In FIG. 1, only the plug-in module 30 belonging to the pilot valve 21 is shown (the others are built up in a similar manner), said module 30 essentially comprising a coupling plate in the form of a rectangular circuit board 32 contained in a protective housing 31a , 31b and being provided with three contact sockets 33, 34, 35 (see also FIGS. 3a and 3b), an array of electric connections in the form of contact bridges 36, a multipolar contact means 37 for connecting to a multipolar cable contact means 38, which is connected to the connecting cable 29, as well as other electrical components, i.a. a light emitting diode for operational indication and a variator 40 for the protection against transients in the current supply of the magnet coil of the pilot valve

The contact sockets 33, 34, 35 of the plug-in module fit onto the respective flat contact pins 26, 27, 28 and serve as combined contact and suspension means for the plug-in module 30. The contact sockets 33, 34 35 are connected to the contact bridge 36 through conductors on the circuit board 32. The contact bridges are connected to the multipolar contact means 37 through conductors on the circuit board 32 (on the rear side thereof). The contact bridges 36 consist of sheet metal contact elements, which before, during or after the installation can be broken away, for example, with a screw driver or the like, so that only one or some of the signal conductors of the inter connecting cable 29 are connected to the signal contact pin of a particular pilot valve.

The multipolar contact means 37, which is located on the rear side of the circuit board 32, and the pins thereof are angled in such a way that the multipolar cable contact means 38, which is formed as a socket contact, lies flat and is parallel to the rear side of the circuit board 32 when connected.

Thus, the contact pins 26, 27, 28 of the pilot valve 21 will be connected to the earth and zero conductors of the inter connecting cable 29 after mounting of the plug-in module 30 (and breaking of the desired sheet metal contact elements of the contact bridges 36) and to one or more of the signal conductors for the desired control of the pilot valve 21 (and the other pilot valves in a corresponding manner) from a number of signal generators or a central control unit (not shown), possibly through a decoder (not shown).

As shown in FIGS. 1 and 2, the connecting cable 29 is of flat cable type, i.e. in the form of a plastic ribbon with a plurality of parallel conductors placed between surrounding strips of a synthetic material. The flexible flat cable 29 is divided into a number of portions 29a , 29b , 29c etc. connected in series (see FIG. 2), over the respective flat socket contact means 38, which portions preferably form curved loops between the plug-in-modules 30. The loop or flat cable portion 29a is connected to an ordinary multi-wire cable 42 through a connector 41.
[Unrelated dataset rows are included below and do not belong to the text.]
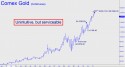 February Gold (GCG11) price chart with targets
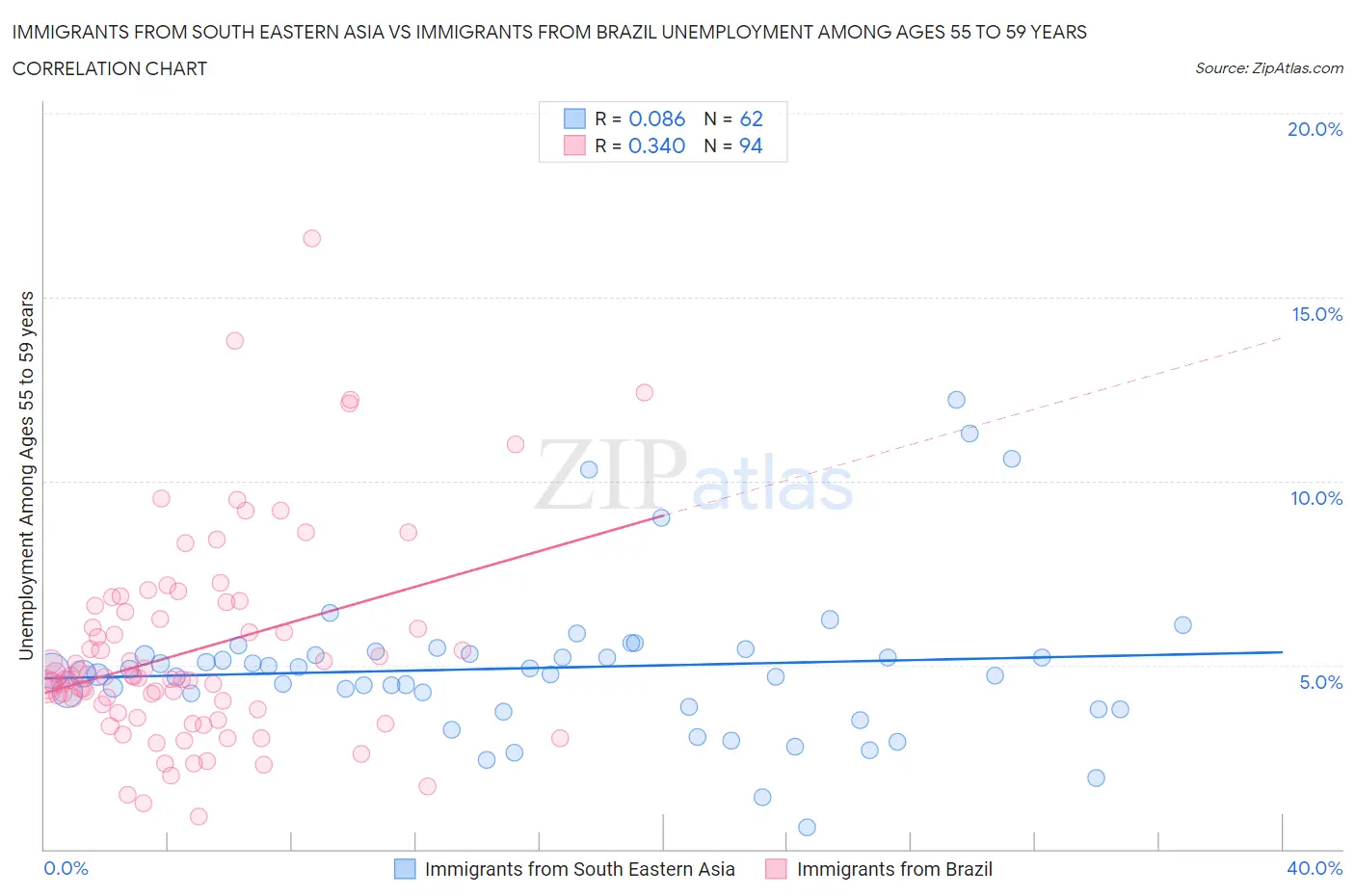 Immigrants from South Eastern Asia vs Immigrants from Brazil Unemployment Among Ages 55 to 59 years
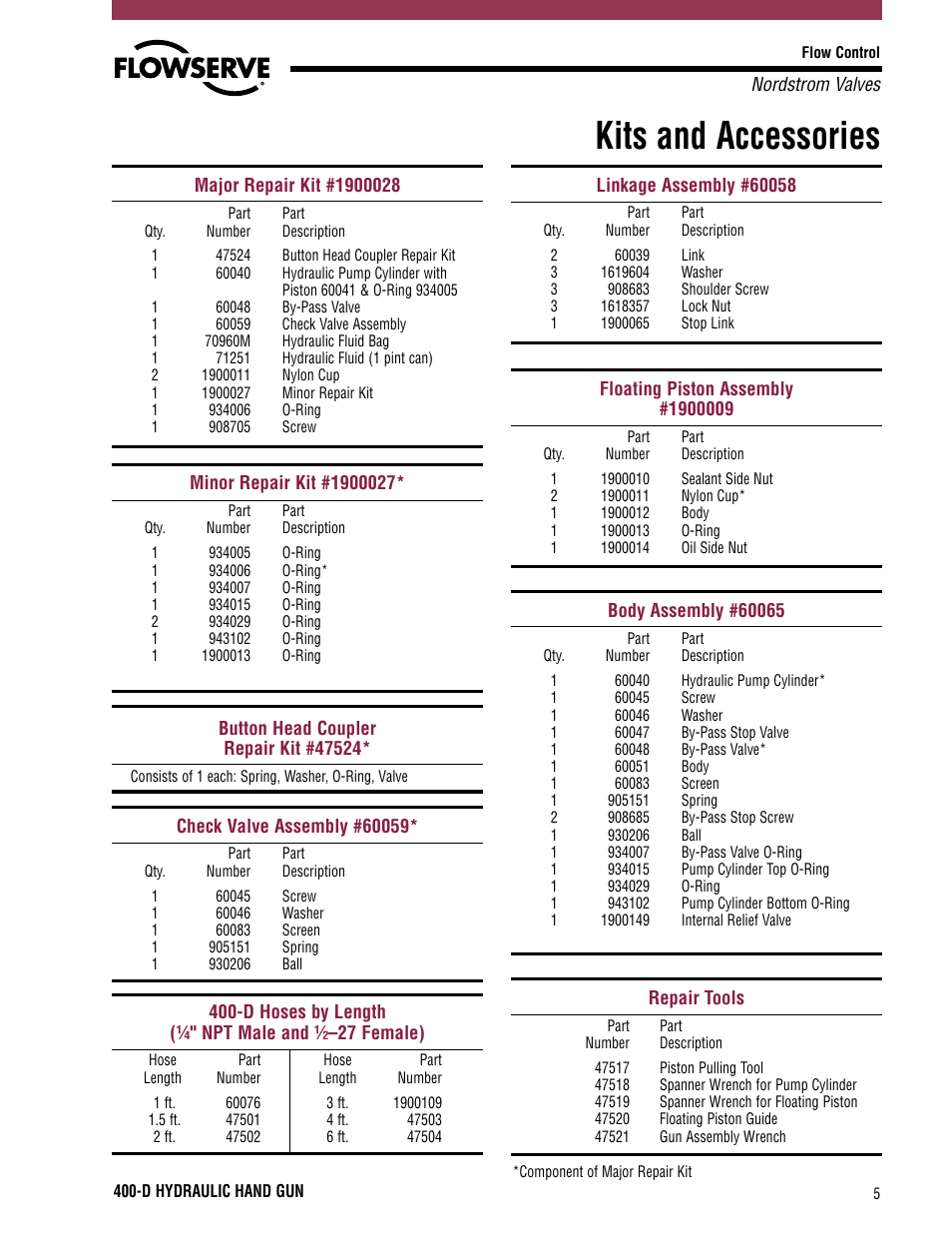 Kits and accessories | Flowserve 400-D User Manual | Page 5 / 12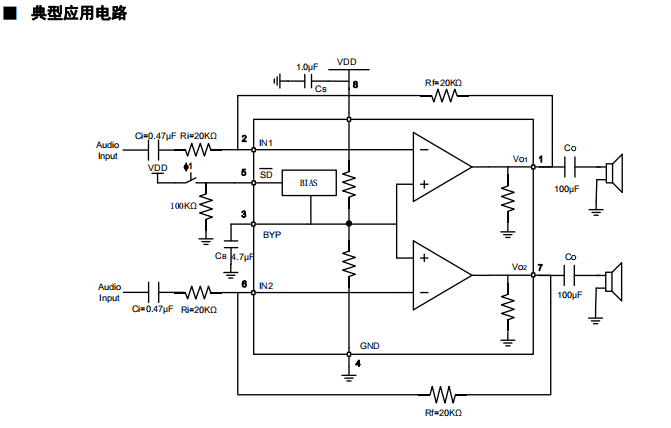LN4809双声道音频耳机功率放大器概述、用途及特点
It is obvious that the described arrangement facilitates a very simple electric connection of the pilot valves without any separate conductors having to be connected, e.g. by soldering, to the respective contact pin 26, 27, 28 or to any other contact means. The only thing that has to be done is to press the contact sockets 33, 34, 35 onto the contact pins 26, 27, 28 and to break some of the sheet metal contact elements. If an altered function is desired, the particular circuit board may be exchanged, whereby the connection to the pilot valve and the cable contact means can be made fast easy. The cable 29 is then kept intact.

When mounted, the circuit board with its conductors, components and contact means is protected by the two-part protective housing, the inside part 31a of which is tightly attached to the outside of the pilot valve housing (around the contact pins 26, 27, 28) and the outer part or cap 31b of which is tightly attached to the inner part 31a along with elastic seals 43 and 44, respectively. The circuit board 32 lies approximately flush with the partition line of the protective housing 31a , 31b , and the flat cable portions 29a , 29b lie flat between the seals 43, 44, so that no special lead-through arrangements are needed.
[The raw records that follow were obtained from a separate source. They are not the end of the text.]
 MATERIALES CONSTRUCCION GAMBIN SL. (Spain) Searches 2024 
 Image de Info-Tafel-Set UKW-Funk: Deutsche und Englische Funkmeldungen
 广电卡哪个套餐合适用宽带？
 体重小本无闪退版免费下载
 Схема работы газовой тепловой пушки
The protective housing, at least its cap 31b , is transparent, whereby it is possible to check whether the light emitting diode 39 is lit up when the pilot valve in question is activated.

The whole plug-in module 30 with its protective housing 31a , 31b is fastened by means of fastening screws 45.

The described connecting device may be modified within the scope of the following claims. In principle, conventional cables may be used instead of the flat or ribbon cable portions 29a , 29b etc. Further, the electric interruptable connection may be made in any other way, for instance as switches, so that the contact function may be altered without exchanging the circuit board in the respective plug-in module. The protective housing 31a , 31b may be omitted if there is no demand for protection against dust, flushing or the like.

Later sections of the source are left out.